SuperNPUBench is a high-performance operator library and benchmark platform supporting both LinxISA and PTO ISA tile programming paradigms. This repository contains reusable kernel implementations, test suites, and comprehensive documentation for both ISA architectures.
SuperNPUBench/
├── benchmark-linxisa/ # LinxISA benchmark suite
│ ├── kernels/ # Operator implementations (header-only)
│ ├── test/ # Test suites and build system
│ │ ├── common/ # Common build infrastructure
│ │ └── kernel/ # Operator test cases
│ ├── output/ # Build artifacts (ELF files, disassembly)

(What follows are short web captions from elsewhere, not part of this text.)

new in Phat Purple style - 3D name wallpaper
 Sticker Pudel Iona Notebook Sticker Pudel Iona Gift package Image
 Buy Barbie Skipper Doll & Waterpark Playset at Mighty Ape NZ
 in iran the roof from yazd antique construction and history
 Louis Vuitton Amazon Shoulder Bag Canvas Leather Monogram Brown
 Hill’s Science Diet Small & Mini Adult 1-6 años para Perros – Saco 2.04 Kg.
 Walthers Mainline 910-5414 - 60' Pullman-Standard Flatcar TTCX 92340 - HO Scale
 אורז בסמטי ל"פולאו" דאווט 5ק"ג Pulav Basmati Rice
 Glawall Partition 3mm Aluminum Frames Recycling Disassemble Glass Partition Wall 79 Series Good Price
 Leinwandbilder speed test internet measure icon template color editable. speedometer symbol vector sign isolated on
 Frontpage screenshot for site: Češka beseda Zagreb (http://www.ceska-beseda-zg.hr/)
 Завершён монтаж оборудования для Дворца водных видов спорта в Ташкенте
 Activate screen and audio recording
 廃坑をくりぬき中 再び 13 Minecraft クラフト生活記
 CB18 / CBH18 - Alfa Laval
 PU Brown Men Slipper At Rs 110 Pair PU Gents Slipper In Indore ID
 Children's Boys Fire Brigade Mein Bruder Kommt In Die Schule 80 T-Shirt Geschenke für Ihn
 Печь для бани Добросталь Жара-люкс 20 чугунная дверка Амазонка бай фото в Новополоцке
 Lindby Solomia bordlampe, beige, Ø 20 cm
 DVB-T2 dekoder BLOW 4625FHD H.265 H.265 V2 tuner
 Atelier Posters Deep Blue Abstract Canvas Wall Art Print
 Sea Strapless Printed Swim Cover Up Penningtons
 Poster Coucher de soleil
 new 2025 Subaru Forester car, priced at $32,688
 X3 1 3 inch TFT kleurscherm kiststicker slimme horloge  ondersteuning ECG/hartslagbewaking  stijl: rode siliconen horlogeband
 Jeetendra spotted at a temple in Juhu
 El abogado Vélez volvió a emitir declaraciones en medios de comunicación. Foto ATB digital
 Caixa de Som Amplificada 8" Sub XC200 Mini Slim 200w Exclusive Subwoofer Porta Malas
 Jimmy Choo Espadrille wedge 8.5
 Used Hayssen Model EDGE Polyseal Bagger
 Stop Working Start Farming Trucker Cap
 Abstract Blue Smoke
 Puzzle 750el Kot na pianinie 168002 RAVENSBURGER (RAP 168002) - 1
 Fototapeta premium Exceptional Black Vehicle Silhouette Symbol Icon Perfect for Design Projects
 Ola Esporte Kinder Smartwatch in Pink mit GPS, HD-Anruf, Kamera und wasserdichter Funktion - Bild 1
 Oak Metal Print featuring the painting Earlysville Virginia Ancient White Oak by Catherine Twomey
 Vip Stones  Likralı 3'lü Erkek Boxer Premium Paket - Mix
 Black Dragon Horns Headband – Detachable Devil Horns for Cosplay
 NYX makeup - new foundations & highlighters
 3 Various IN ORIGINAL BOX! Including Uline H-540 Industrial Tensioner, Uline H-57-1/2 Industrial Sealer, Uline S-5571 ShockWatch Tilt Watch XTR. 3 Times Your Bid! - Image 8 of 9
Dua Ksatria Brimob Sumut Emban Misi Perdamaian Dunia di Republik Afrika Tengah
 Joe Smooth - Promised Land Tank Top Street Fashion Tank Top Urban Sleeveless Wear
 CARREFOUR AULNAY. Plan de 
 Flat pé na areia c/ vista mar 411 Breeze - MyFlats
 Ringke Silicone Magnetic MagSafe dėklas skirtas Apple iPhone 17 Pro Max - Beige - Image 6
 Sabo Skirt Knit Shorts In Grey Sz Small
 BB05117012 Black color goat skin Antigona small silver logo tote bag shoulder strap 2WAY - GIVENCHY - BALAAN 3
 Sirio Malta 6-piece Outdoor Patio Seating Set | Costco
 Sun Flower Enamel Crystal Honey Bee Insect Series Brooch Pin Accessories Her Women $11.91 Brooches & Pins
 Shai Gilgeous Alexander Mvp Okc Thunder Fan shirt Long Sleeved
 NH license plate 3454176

│ └── compile_all.sh # Batch compilation script
│
├── benchmark-ptoisa/ # PTO ISA benchmark suite
│ ├── kernels/ # Operator implementations (header-only)
│ ├── test/ # Test suites and build system
│ │ ├── common/ # Common build infrastructure
│ │ └── kernel/ # Operator test cases
│ ├── output/ # Build artifacts (ELF files, disassembly)
│ └── compile_all.sh # Batch compilation script
│
├── architecture/ # ISA documentation and architecture references
│ ├── linxisa-reference/ # LinxISA programming guides & ISA reference
│ └── ptoisa-reference/ # PTO ISA programming guides & ISA reference
│
└── compile_all.sh # Top-level build script (supports both ISAs)
- Architecture: Block-structured instruction set with heterogeneous cores
- Core Types: BCC (main core), Cube Core (matrix), Vector Core (vector), MTC/TMA (data transfer)
- Programming Model: Block instructions (VPAR/VSEQ, CUBE, TMA, TEPL)
- Documentation: See
architecture/linxisa-reference/
- Architecture: Tile-centric instruction set with explicit memory hierarchy
- Tile Types: Vec (UB), Mat (L1), Left (L0A), Right (L0B), Acc (L0C)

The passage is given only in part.